The phone box in Colpy which is now housing a new defibrillator. Greg Manning who restored the phone box with the new device.
Picture by Colin Rennie
The phone box in Colpy which is now housing a new defibrillator. Greg Manning who restored the phone box with the new device. Picture by Colin Rennie

A small rural community in Aberdeenshire could be the first to benefit from a potentially life-saving road sign.

The unused red telephone box in Colpy has recently been refurbished and fitted out with a new defibrillator, following months of fundraising and “hard slog” from one community-minded resident, Greg Manning.

And now, transport bosses are considering installing a ‘yet to be designed’ defibrillator sign to replace the redundant telephone sign, which is currently on the main A96 Aberdeen to Huntly trunk road.

The sign has been covered over and no longer offers directions to the nearest public telephone.

However, Mr Manning has been asking for it to be replaced for “months” and welcomed the news the plan was now being considered.

He said: “I brought it to the attention of Transport Scotland back in February and they then covered over the phone icon on the sign.

“So I extremely pleased they are considering updating it to reflect what is now inside the telephone box.

“It is mainly for people who could fall ill at one of the nearby tourist attractions or even people passing by on the road.

“Kellockbank and Morgan McVeighs are looking at getting their staff trained up and I have signage on order to tell people where the nearest defibrillator is.”

The life-saving equipment is registered with the Scottish Ambulance service and an operating code would be given out to anyone phoning them in an emergency.

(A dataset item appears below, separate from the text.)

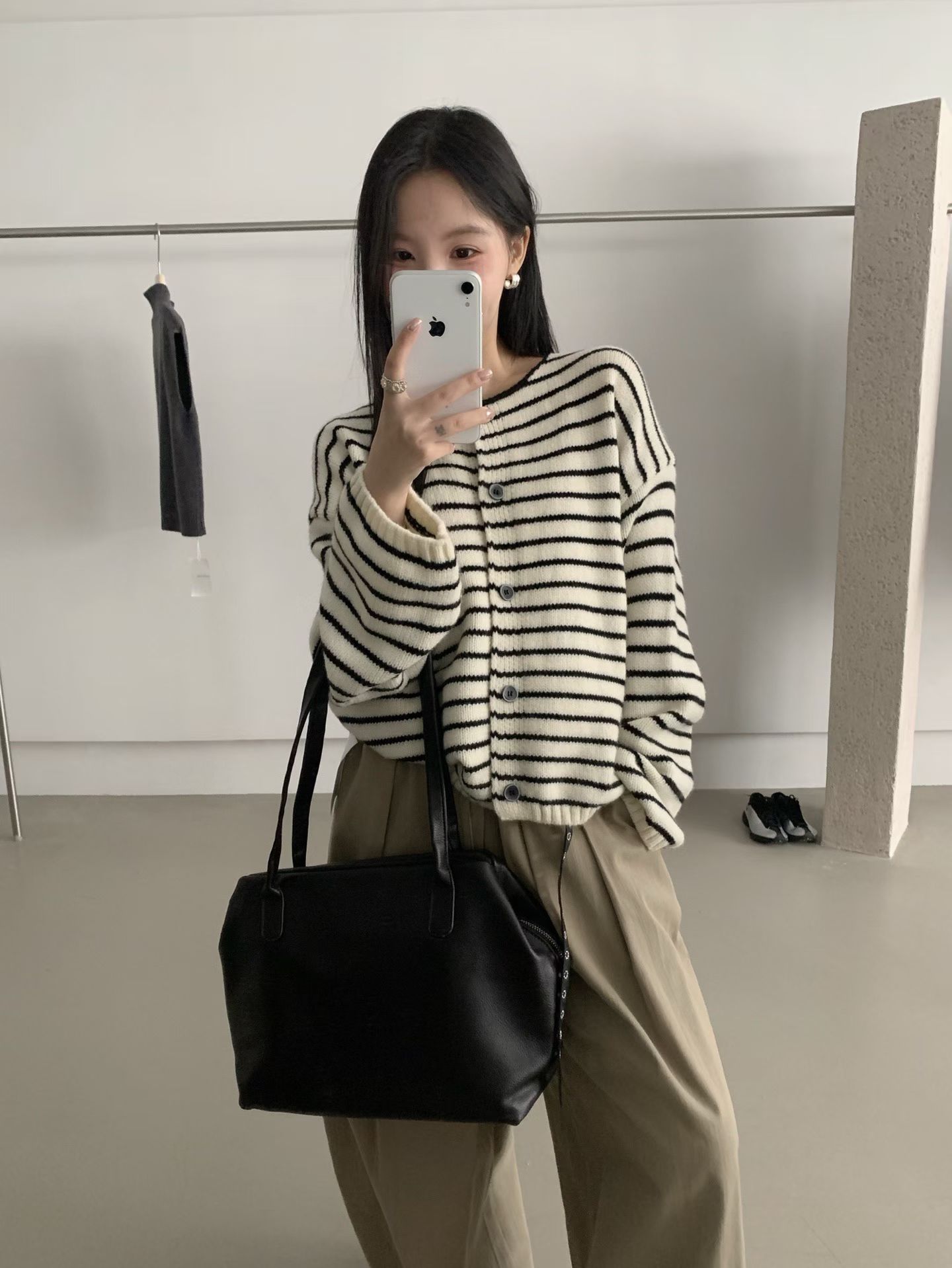 E念51668韩系新款圆领条纹针织开衫女宽松显瘦百搭休闲上衣女简约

Mr Manning single-handedly stripped down the iconic amenity and spent “too long” dealing with the bureaucracy of setting up an electricity supply to the equipment.

He added: “It was a very steep learning curve. I’m not sure why no-one has published a guide to help communities with the ins and outs of installing these things. It has been very problematic.

“I had no idea I needed to register it with the ambulance service, for example. ”

There is currently no authorised traffic sign for a defibrillator, but last night a Transport Scotland spokesman confirmed they would now be looking into “available options”.

He said: “The Minister for Transport is considering proposals for trunk road signage on the A96 to the defibrillator in Colpy, Aberdeenshire.

“We will continue to keep the community council informed.”